=== Input ===
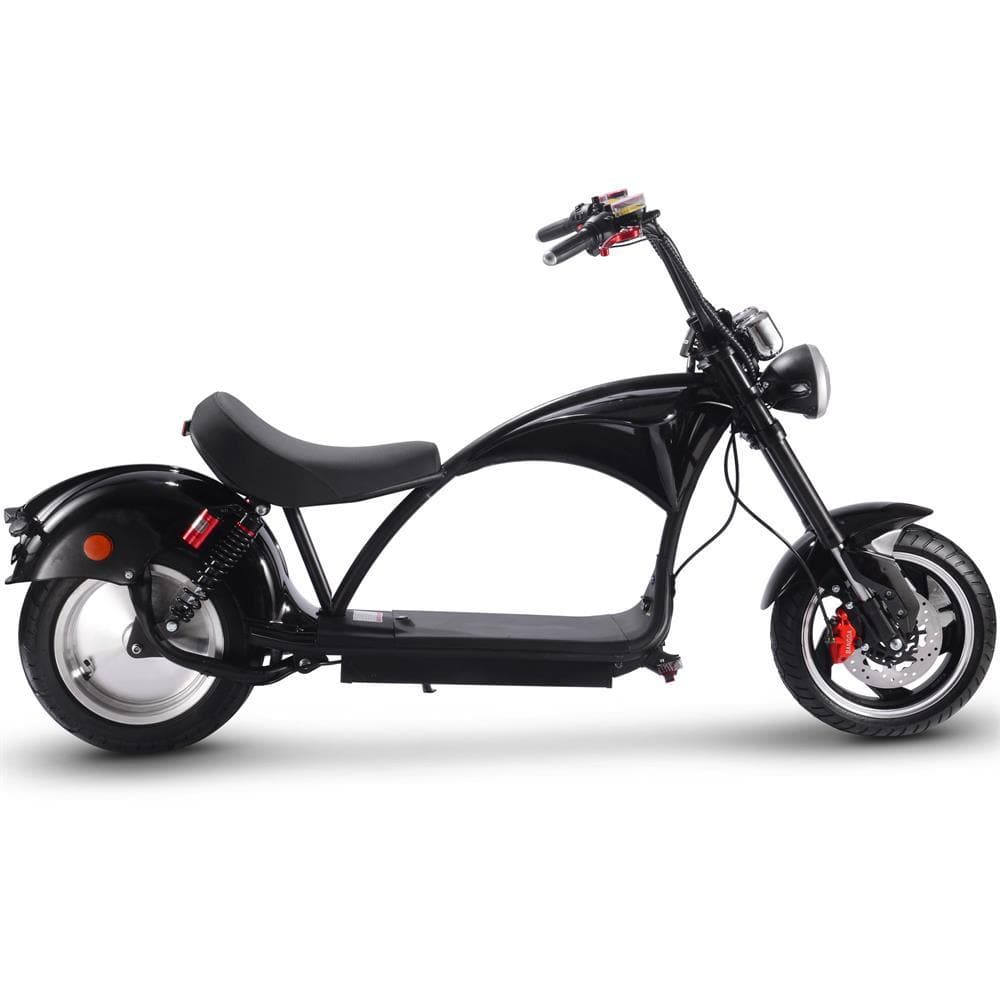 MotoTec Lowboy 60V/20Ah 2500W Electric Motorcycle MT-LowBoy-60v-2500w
===
=== Input ===
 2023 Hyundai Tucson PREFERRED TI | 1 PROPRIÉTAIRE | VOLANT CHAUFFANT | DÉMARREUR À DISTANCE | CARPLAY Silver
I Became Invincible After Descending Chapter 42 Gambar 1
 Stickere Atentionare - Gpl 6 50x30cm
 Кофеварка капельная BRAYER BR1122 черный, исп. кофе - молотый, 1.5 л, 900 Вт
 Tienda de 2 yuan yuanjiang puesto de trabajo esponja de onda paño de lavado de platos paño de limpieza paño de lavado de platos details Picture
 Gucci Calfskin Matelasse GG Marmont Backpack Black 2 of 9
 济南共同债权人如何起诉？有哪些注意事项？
===
=== Input ===
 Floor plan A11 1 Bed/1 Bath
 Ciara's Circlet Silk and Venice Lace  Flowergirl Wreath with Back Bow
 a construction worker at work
===
### Goal of the exercise
The response should hold exactly the lines starting at the line with "2023 Hyundai Tucson" and ending at the line with "济南共同债权人如何起诉？有哪些注意事项？", and no other line of the material above.

### Task result
 2023 Hyundai Tucson PREFERRED TI | 1 PROPRIÉTAIRE | VOLANT CHAUFFANT | DÉMARREUR À DISTANCE | CARPLAY Silver
I Became Invincible After Descending Chapter 42 Gambar 1
 Stickere Atentionare - Gpl 6 50x30cm
 Кофеварка капельная BRAYER BR1122 черный, исп. кофе - молотый, 1.5 л, 900 Вт
 Tienda de 2 yuan yuanjiang puesto de trabajo esponja de onda paño de lavado de platos paño de limpieza paño de lavado de platos details Picture
 Gucci Calfskin Matelasse GG Marmont Backpack Black 2 of 9
 济南共同债权人如何起诉？有哪些注意事项？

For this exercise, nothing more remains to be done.